Financial Conduct Authority (FCA)


    What is the Financial Conduct Authority?

    The Financial Conduct Authority (FCA) is responsible for the regulation of the financial markets and the infrastructure that supports those markets in the UK. This includes both online retail trading, as well as institutional trading.

    The FCA will also have responsibility for the prudential regulation of other sectors across the financial services industry that do not fall under the PRA’s scope (deposit takers, insurers and significant investment firms).

    FCA powers

    The FCA’s significant powers include the power to regulate conduct related to the marketing of financial products. It is able to specify minimum standards and to place requirements on products.
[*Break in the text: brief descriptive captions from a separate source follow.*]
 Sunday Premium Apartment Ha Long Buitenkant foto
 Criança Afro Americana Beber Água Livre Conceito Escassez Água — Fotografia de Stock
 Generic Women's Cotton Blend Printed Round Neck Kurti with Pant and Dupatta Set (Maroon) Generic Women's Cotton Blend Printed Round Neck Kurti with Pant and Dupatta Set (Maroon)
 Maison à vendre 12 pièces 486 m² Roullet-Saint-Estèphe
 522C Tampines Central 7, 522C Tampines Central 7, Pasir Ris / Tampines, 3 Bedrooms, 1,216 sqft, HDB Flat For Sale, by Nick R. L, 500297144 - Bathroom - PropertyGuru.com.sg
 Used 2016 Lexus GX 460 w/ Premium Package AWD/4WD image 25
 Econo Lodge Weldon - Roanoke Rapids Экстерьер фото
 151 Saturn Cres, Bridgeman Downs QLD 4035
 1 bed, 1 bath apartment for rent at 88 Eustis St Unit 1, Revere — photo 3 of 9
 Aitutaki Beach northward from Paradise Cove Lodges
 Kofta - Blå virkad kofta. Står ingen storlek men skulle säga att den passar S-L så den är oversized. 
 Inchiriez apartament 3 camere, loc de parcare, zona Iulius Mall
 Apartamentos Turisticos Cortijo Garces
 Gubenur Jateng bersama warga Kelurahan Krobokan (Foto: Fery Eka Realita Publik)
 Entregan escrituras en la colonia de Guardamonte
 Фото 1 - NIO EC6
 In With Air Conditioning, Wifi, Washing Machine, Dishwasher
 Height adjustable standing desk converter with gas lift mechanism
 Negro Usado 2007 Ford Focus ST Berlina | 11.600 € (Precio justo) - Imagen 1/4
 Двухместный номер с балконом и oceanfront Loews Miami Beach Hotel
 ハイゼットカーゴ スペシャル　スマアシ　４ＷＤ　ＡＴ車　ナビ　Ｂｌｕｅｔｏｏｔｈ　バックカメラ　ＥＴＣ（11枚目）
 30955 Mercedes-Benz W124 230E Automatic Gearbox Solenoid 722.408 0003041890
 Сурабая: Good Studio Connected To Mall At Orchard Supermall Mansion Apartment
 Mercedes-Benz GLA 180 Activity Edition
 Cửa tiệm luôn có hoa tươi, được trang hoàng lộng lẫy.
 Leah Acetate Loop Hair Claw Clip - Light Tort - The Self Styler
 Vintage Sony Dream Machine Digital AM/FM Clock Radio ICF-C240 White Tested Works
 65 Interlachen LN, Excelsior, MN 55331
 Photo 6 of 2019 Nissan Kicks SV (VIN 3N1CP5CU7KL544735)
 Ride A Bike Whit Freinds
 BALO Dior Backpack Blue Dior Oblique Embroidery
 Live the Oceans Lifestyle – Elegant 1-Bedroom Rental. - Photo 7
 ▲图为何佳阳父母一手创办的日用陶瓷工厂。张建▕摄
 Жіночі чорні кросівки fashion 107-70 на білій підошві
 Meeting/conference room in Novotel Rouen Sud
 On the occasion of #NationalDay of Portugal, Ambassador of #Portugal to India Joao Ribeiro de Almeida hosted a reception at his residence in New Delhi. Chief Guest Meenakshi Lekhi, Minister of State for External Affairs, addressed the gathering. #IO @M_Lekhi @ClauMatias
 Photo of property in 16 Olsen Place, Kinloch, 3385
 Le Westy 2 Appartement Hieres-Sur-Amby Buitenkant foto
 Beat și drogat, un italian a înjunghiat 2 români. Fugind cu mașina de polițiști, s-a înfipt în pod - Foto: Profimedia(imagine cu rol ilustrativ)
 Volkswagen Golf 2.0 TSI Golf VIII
    In addition, the FCA is able to monitor products and other issues to ensure firms play fair and don’t compromise consumer interests; it will have the power to instruct firms to immediately retract or modify promotions which it finds to be misleading, and to publish such decisions.

    As of 1 April 2013, the Financial Conduct Authority, along with the Prudential Regulation Authority (PRA), took the place of the Financial Services Authority (FSA), which previously regulated the entire financial industry in the UK.

    The FCA differs from the Prudential Regulation Authority in that the PRA is part of the Bank of England and will oversee the stability of financial services firms, while the FCA will oversee financial penalties.